**Your instructions**.
In the entries below, find the line with "Custom Cloaks" and the line with "Photo '35' of Ssangyong Korando". Return those two lines and all lines between them, exactly.

Stored dataset items:
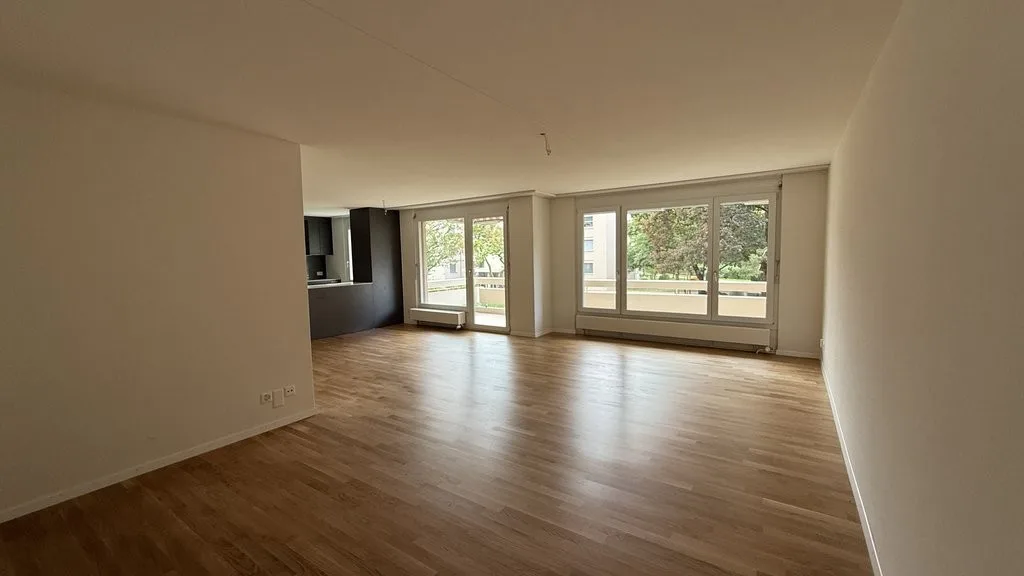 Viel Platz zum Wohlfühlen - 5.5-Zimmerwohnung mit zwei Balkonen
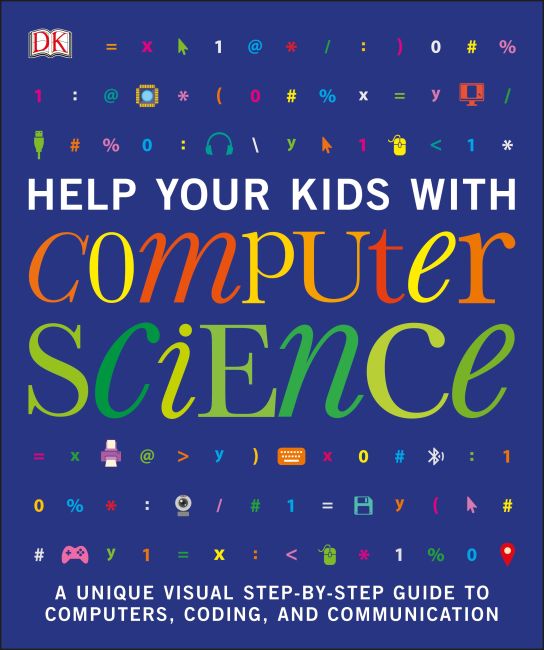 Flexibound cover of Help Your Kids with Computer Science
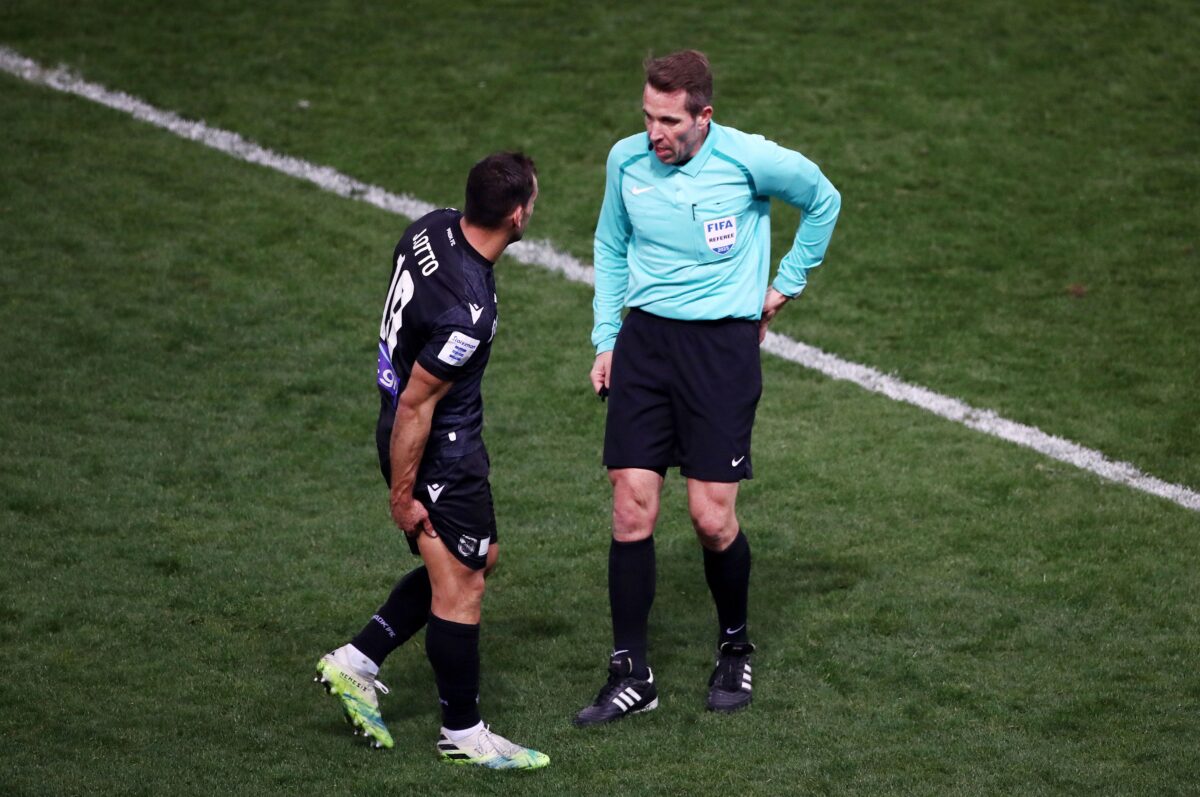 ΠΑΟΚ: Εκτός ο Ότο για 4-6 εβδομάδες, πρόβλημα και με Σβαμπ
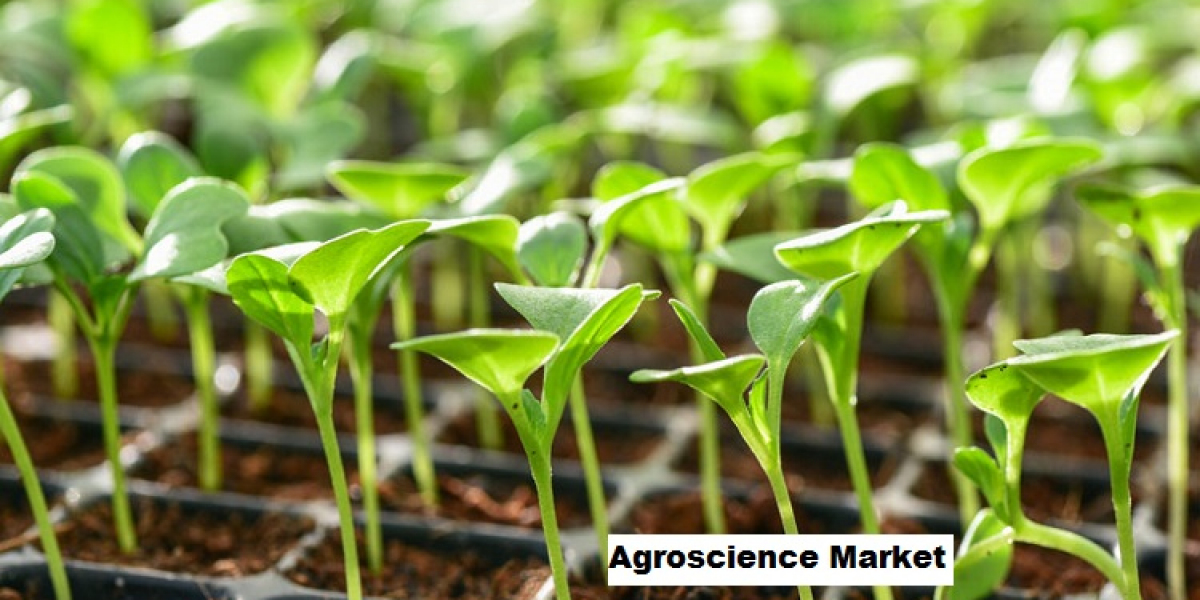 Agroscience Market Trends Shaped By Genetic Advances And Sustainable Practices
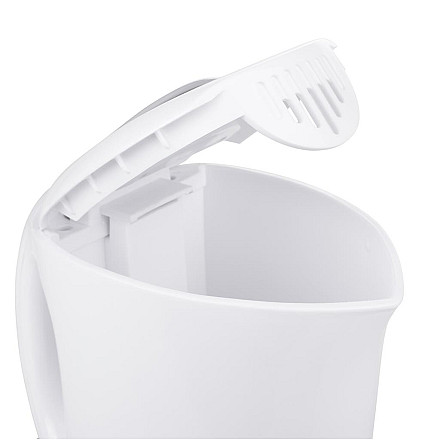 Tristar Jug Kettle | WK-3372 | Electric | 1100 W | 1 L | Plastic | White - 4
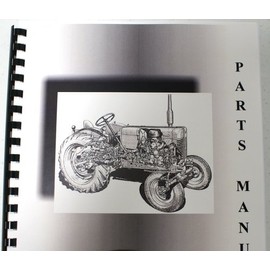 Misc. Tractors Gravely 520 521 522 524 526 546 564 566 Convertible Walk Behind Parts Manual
...
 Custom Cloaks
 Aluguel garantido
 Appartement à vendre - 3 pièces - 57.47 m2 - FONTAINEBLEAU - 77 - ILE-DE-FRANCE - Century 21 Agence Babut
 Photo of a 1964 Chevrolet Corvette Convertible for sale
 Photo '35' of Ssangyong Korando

**The answer**.
 Custom Cloaks
 Aluguel garantido
 Appartement à vendre - 3 pièces - 57.47 m2 - FONTAINEBLEAU - 77 - ILE-DE-FRANCE - Century 21 Agence Babut
 Photo of a 1964 Chevrolet Corvette Convertible for sale
 Photo '35' of Ssangyong Korando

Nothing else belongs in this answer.